Summary:
"Propofol" is a 20 line poem of five quatrains each with an a-b-a-b rhyming scheme. Appearing in the June 30, 2008 New Yorker magazine, it is a description of the Classical allusions and hallucinatory experience surrounding the administration of the hypnosedative, propofol, to the speaker-patient for an undescribed medical procedure.

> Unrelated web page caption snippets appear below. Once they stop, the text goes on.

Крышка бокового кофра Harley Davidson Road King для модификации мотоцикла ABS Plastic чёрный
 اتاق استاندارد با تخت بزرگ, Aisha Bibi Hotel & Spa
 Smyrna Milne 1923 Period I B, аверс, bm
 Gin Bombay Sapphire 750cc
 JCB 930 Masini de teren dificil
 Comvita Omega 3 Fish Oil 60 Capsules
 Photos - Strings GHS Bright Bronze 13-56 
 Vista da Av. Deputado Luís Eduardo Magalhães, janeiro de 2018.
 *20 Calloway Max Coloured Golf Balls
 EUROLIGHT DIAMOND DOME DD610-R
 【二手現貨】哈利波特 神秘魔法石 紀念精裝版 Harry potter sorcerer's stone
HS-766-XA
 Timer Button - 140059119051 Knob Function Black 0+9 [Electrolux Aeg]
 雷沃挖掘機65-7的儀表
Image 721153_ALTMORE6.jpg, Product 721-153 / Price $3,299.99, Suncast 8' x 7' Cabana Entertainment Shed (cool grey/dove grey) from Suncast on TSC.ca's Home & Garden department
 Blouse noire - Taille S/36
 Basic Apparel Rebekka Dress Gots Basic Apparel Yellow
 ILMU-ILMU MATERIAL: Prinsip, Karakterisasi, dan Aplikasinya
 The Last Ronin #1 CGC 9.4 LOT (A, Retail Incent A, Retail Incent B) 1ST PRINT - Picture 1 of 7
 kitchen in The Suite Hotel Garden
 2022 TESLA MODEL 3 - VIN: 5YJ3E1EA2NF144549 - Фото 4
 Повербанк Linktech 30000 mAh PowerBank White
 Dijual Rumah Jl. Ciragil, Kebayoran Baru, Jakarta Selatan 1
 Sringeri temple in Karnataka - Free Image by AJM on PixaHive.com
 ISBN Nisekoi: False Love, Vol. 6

It involves a whimsical conversation, of sorts, between the patient and the physician. After the patient references many of the Greek and Roman materials (moly, mandragora), art ("Euphronios' famous calyx-krater" [
http://en.wikipedia.org/wiki/Euphronios_krater]) and deities (Somnus, Hypnos, Morpheus) involved with sleep and death ("Sleep and Death were brothers"), the physician is made to ask why the patient is there - one presumes, and only hopes, he in fact knows!
The poem ends with the onset of what is known as procedural sedation ("A traveller/approached the citadel even while I was speaking,/seven seconds from my brain; then it was snuff."). The final two lines describe the image - apparently now in the hallucinating patient's head - of Félicien Rops' 1879 painting "Pornokrates", in the Musée provincial Félicien Rops, Namur, France (
http://www.museerops.be/tech/drawing/pornokrates.html), the genesis of which Rops described thus in a 1879 letter to Henri Liesse:
"I did this in four days in a room of blue satin, in an overheated apartment, full of different smells, where the opopanax and cyclamen gave me a slight fever conducive towards production or even towards reproduction."[quoted at the Musée provincial Félicien Rops site.]